This just in…the sky isn’t falling
According to the Song, while the various studies show that 39 - 55% of users report to delete cookies at least monthly, the actual behavior is much different. For example, Song reports that the users who report to delete their cookies weekly actually delete their cookies on average every 47 days. And it goes up from there. Brad posted more numbers in his story.

Granted, it’s in Atlas’ best interest to downplay these reports. But it is a plausible story. Just look in the mirror.

What’s Going on Here?
Well, it seems that it’s become fashionable to delete cookies. Or at least it’s shameful to admit that you allow yourself to be tracked online. “Cookies? Pure evil. Of course I delete them. Every week. Yeah.”

I remember a discussion several years ago with an executive (a technical one) from a certain affiliate marketing company I used to work for. He told me that he had his computer rigged to automatically take care of the cookie deletion process. Ironic, huh? Was that really just braggadocio?
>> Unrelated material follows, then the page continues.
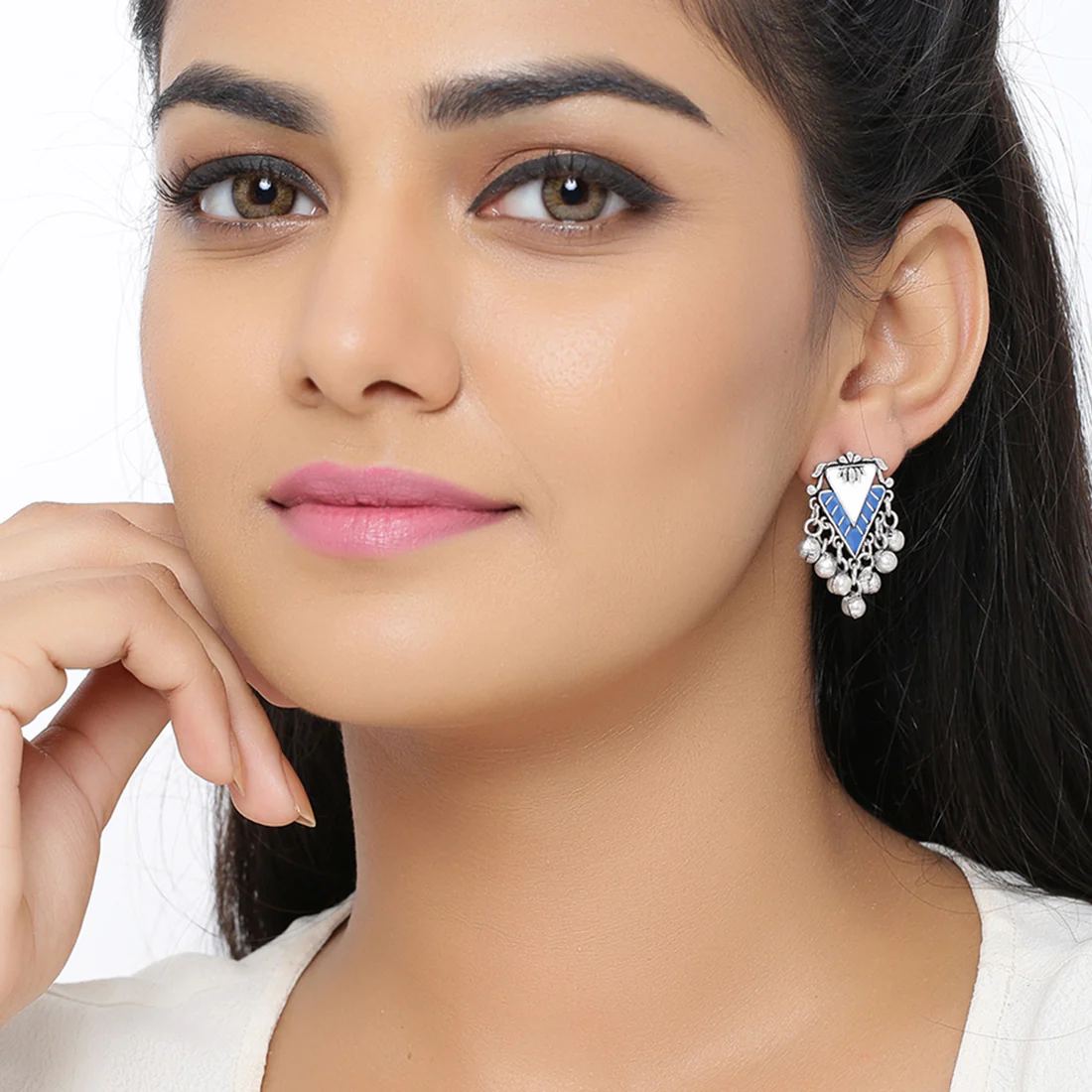Indigo Affair Triangles Stud Earrings - Image 2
Why did cookies get such a bad reputation? And how did they get so much attention? Do you think if they were called, “persistent website memory” instead of sharing a name with a delicious snack, a word that every child learns from year-one (it was my first word), they would get such mainstream attention?

And what’s the big deal anyway? So what if some marketing companies can associate my online being with several other websites that I’ve visited. What are they going to do with it? Show me a relevent advertisement? I’ll take that over erectile disfunction emails any day. And I wonder how many of these people who (say they) delete cookies routinely happily plunk down their American Express card everywhere they possibly can. Do they think AMEX isn’t keeping track? Think again. At least Amex is smart enough to not name their tracking technology after something yummy.

Delete cookies? Bah. Personally, I think they’re pretty damn cool and that the internet would suck without them.

Viewing 2 Comments

    • ^
    • v
    Even more interesting, Scott, is the latest news. More than 3/4 of users say they know what cookies are, but only three out of 10 can accurately define cookies according to a study by Insight Express (an actual un-biased party it would appear). It was based on an April online survey of 800 Internet users and interviews with 300 participants.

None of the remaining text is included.